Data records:
_ _ _ _ _ _ _

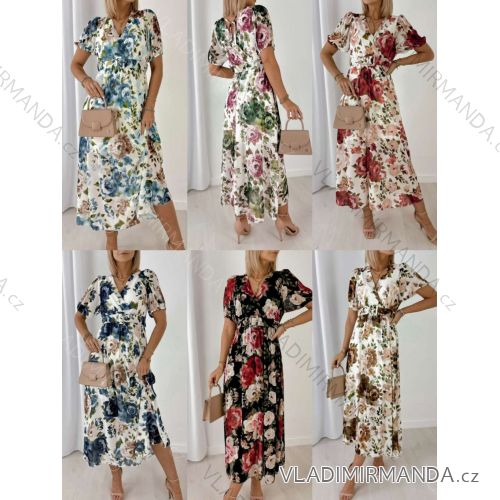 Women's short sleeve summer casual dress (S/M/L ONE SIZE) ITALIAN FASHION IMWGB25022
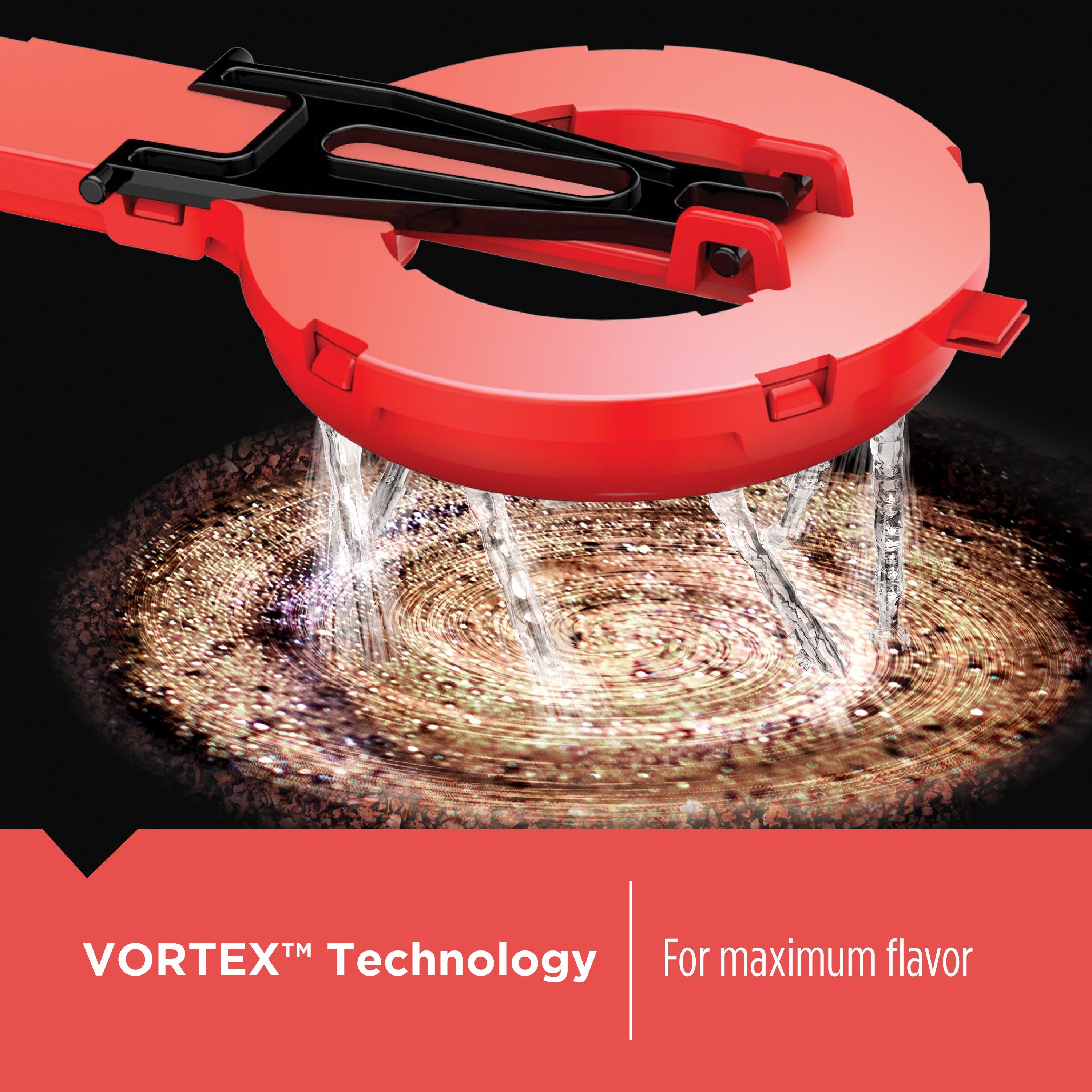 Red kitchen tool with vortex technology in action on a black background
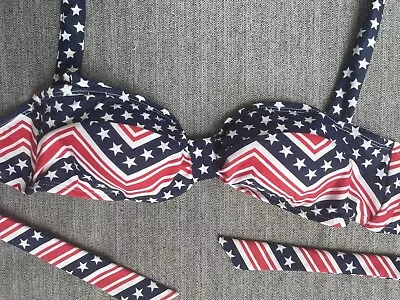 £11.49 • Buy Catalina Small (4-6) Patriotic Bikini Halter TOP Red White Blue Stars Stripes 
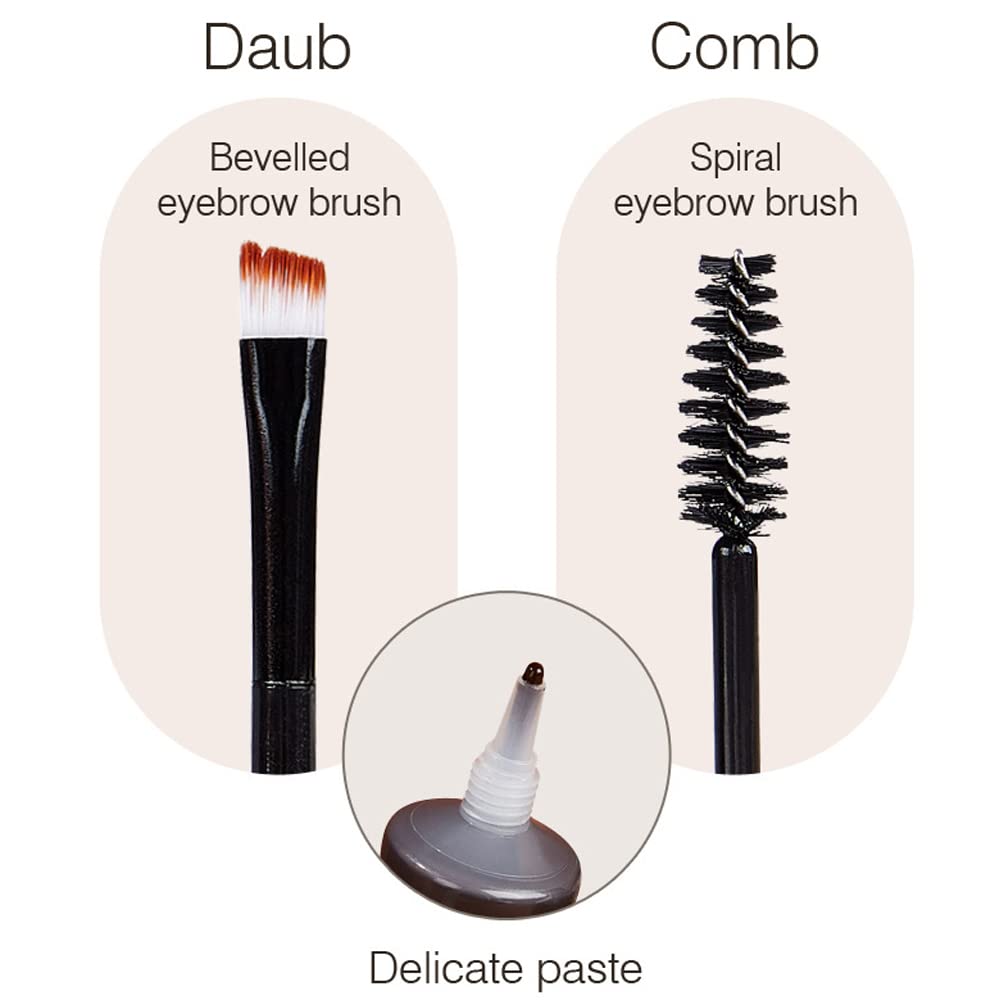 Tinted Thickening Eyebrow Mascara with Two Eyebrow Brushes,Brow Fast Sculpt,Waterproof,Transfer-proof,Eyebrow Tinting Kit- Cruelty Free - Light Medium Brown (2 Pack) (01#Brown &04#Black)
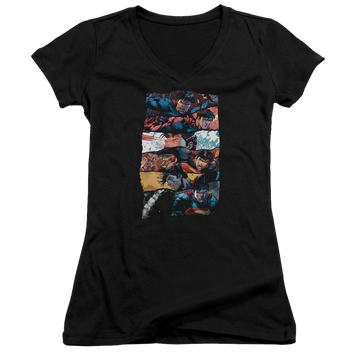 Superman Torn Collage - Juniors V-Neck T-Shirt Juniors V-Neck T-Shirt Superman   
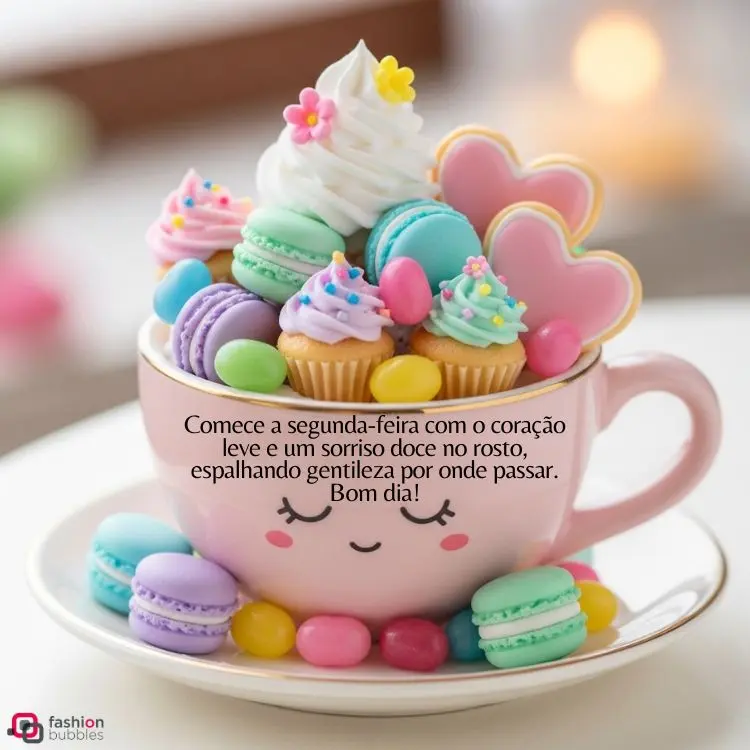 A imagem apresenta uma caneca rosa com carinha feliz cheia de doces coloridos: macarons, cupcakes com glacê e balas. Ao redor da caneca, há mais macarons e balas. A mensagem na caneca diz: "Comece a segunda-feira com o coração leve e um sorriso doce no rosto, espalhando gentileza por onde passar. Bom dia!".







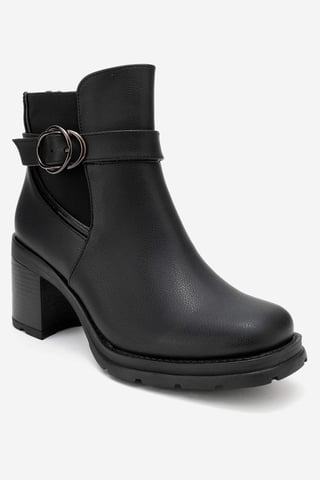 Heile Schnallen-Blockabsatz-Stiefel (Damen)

_ _ _ _ _ _ _

• What is being asked: Every line from the one with "A imagem apresenta" through the end of the records is to be reproduced exactly, and the pictures are to be left out.

• Expected answer:
 A imagem apresenta uma caneca rosa com carinha feliz cheia de doces coloridos: macarons, cupcakes com glacê e balas. Ao redor da caneca, há mais macarons e balas. A mensagem na caneca diz: "Comece a segunda-feira com o coração leve e um sorriso doce no rosto, espalhando gentileza por onde passar. Bom dia!".







 Heile Schnallen-Blockabsatz-Stiefel (Damen)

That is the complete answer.